__SOURCE DATA__.
>>>>

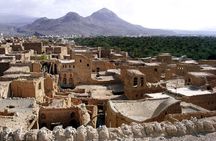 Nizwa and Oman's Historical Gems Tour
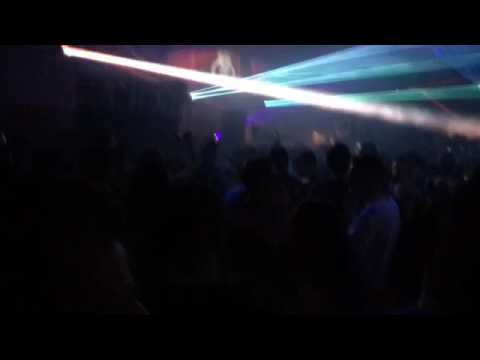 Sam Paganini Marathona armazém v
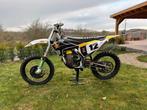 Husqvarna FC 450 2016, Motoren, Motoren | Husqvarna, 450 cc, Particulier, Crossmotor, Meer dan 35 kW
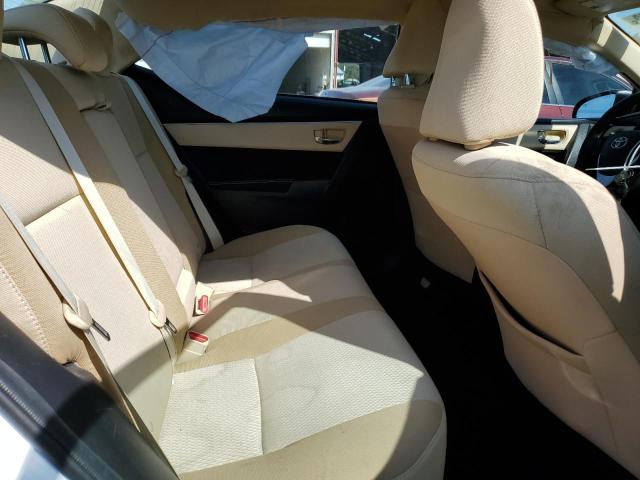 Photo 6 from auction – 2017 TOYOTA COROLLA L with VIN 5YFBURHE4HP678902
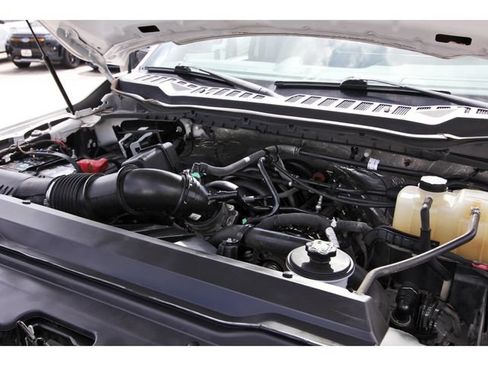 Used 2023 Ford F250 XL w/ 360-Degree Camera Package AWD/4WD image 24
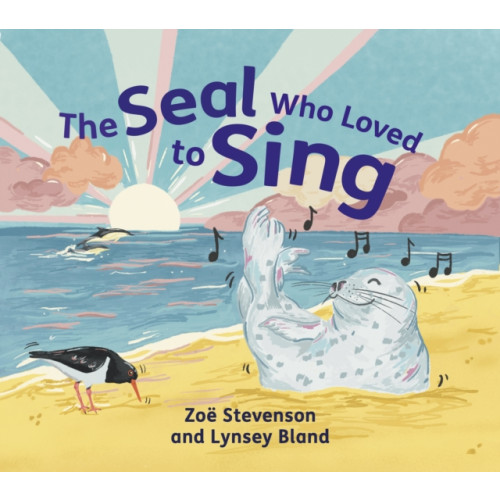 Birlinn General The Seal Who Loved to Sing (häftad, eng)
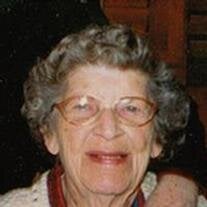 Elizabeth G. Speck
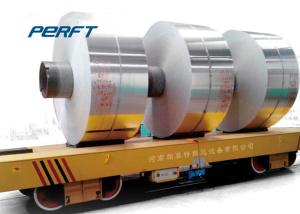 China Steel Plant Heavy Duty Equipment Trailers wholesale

<<<<
>>>>

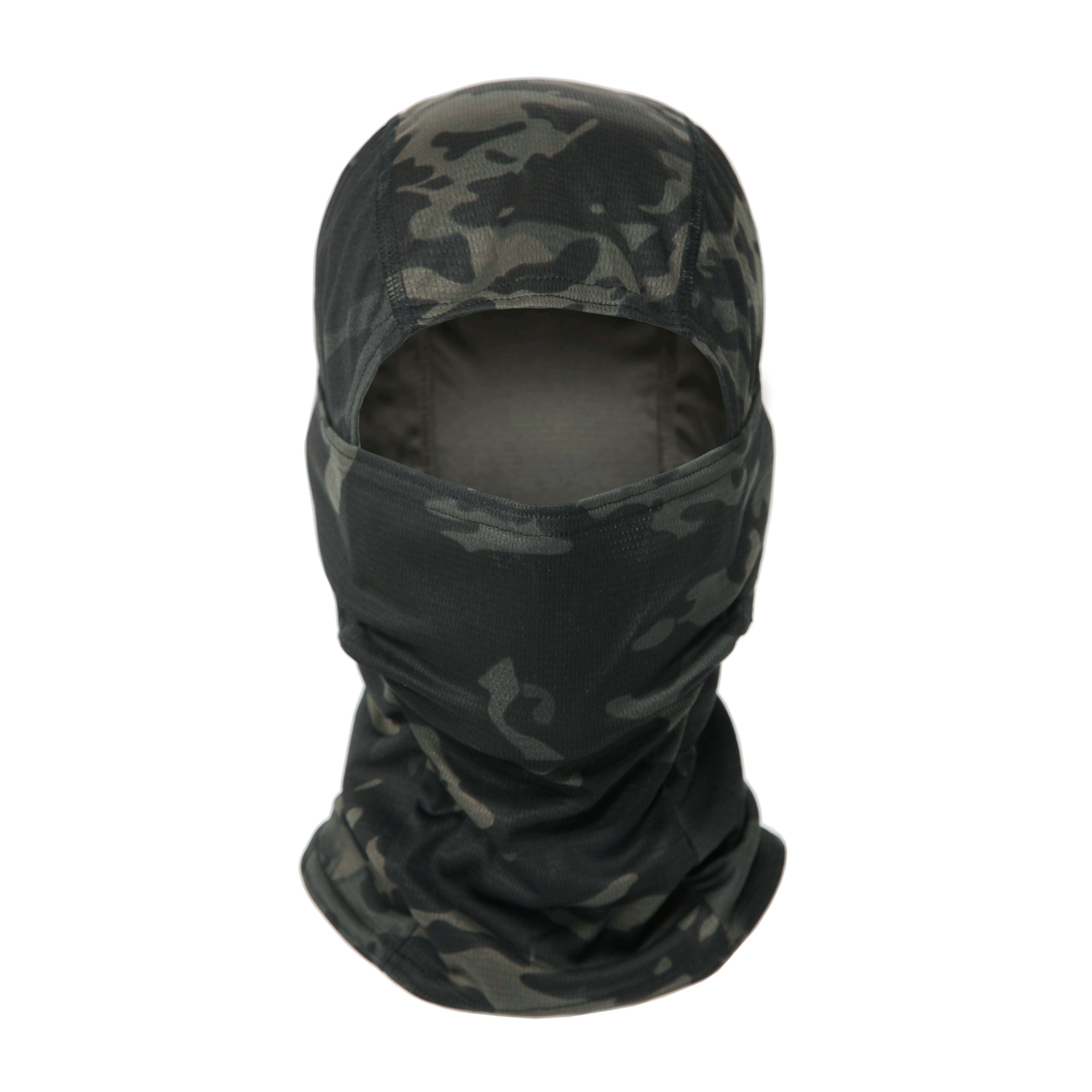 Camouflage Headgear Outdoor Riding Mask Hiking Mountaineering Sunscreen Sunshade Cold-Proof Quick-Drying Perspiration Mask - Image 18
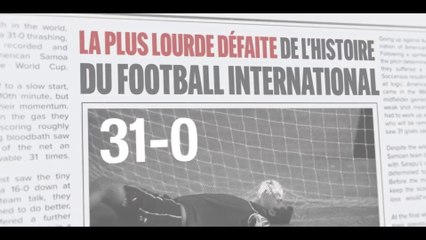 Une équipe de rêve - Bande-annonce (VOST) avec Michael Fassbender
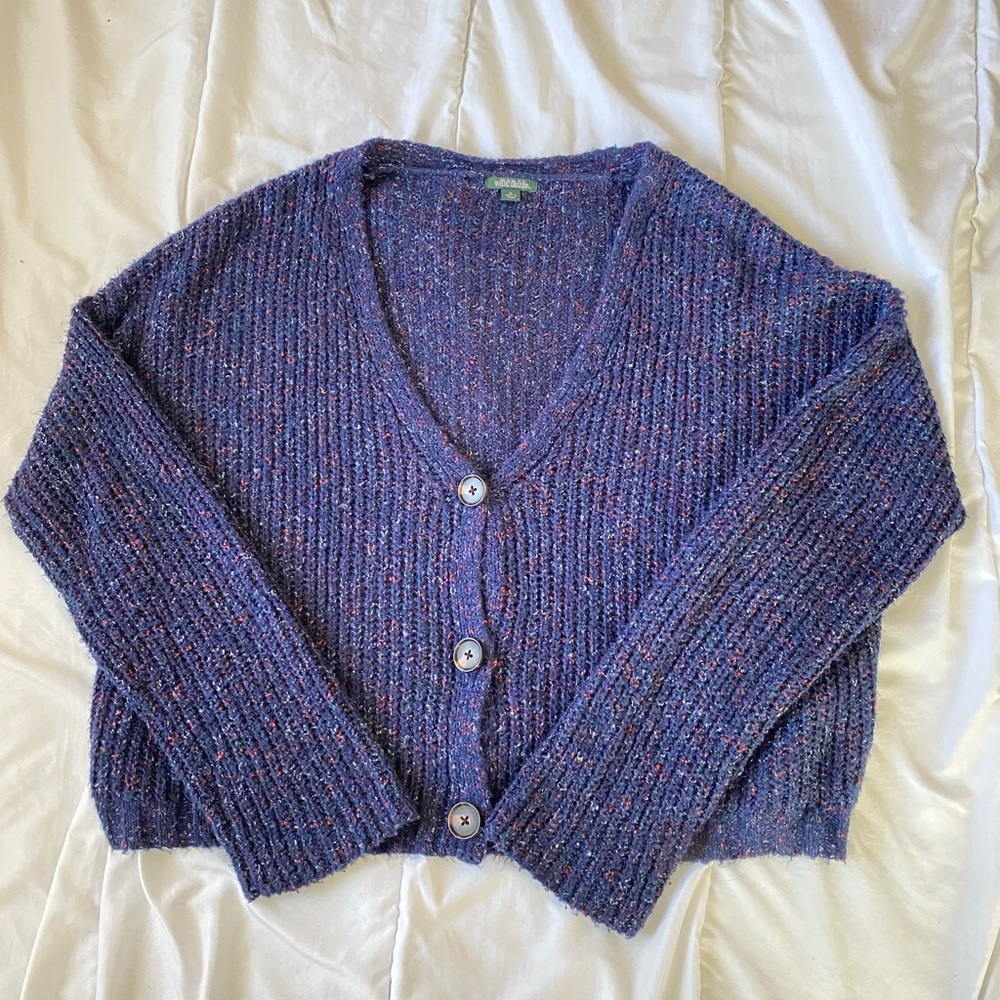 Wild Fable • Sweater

<<<<

Produce an exact reproduction of the listing above, limited to the lines starting at the line with "Nizwa and Oman's Historical Gems Tour" and ending at the line with "China Steel Plant", both kept, with every picture left out.

 Nizwa and Oman's Historical Gems Tour
 Sam Paganini Marathona armazém v
 Husqvarna FC 450 2016, Motoren, Motoren | Husqvarna, 450 cc, Particulier, Crossmotor, Meer dan 35 kW
 Photo 6 from auction – 2017 TOYOTA COROLLA L with VIN 5YFBURHE4HP678902
 Used 2023 Ford F250 XL w/ 360-Degree Camera Package AWD/4WD image 24
 Birlinn General The Seal Who Loved to Sing (häftad, eng)
 Elizabeth G. Speck
 China Steel Plant Heavy Duty Equipment Trailers wholesale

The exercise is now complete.